The Saxon Vogtlandkreis had the highest incidence value since the beginning of the pandemic at the turn of the year. In the situation report of January 2, the RKI reported 885.4 cases per 100,000 inhabitants. With an assumed prevalence of 89 per 10,000, analogous to the calculation of the RKI infographic, it results that around 26.4 percent of the positive test results indicate an infection. [71.2 / (71.2 + 198.22) = 0.26427 = 26.43%, see Tab. 1] However, this also means that three out of four people tested receive a false-positive rapid test result.
Table 1: Sample calculation with a prevalence of 890 infected people per 100,000 people. This value corresponds to the highest reported incidence.Photo: ts / Epoch Times
PCR confirmation tests exceed nationwide testing capacity
At the other end of the incidence scale is the threshold of ten discussed by some politicians. With one infected person per 10,000 people, the probability that a test is true positive is only 0.4 percent. [0.8 / (0.8 + 199.98) = 0.00398 = 0.4%, see Tab. 1]. This is not a typographical or arithmetic error.
At the same time, however, the test provides 200 (199.98) false-positive results, which must be refuted by a PCR test. However, these tests are not free of errors either. In addition, if all German citizens test themselves twice a week as recommended, an (additional) 3.3 million confirmation tests will have to be analyzed nationwide. According to the RKI, the weekly PCR test capacity was recently around 2.3 million .
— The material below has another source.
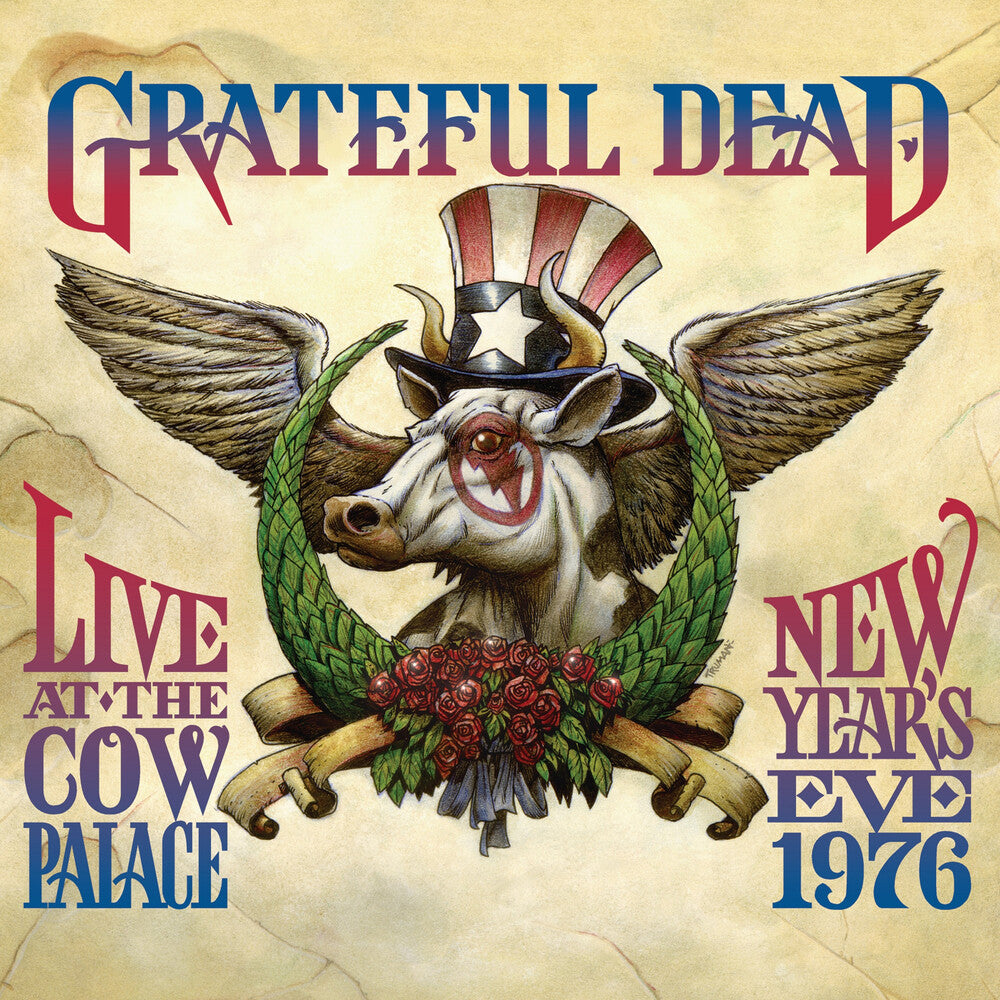 Pre-Order: Grateful Dead - Live At The Cow Palace-New Years Eve 1976 (Audp) [LP] Vinyl Record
This sample calculation also shows why prevalence and incidence cannot simply be equated. Based on one infected person per 10,000 people (prevalence 10 in 100,000), a rapid test “creates” an incidence of 2,000 per 100,000 people. A PCR test with sensitivity and specificity of 99.9 percent each still produces an incidence of 100 per 100,000 ( Epoch Times reported ).
Table 2: Sample calculation with a prevalence of 10 infected people per 100,000 people. This value corresponds to the incidence limit aimed for by some politicians. If you can’t imagine 0.8 true positive test results, multiply all the numbers by a factor of ten or 100.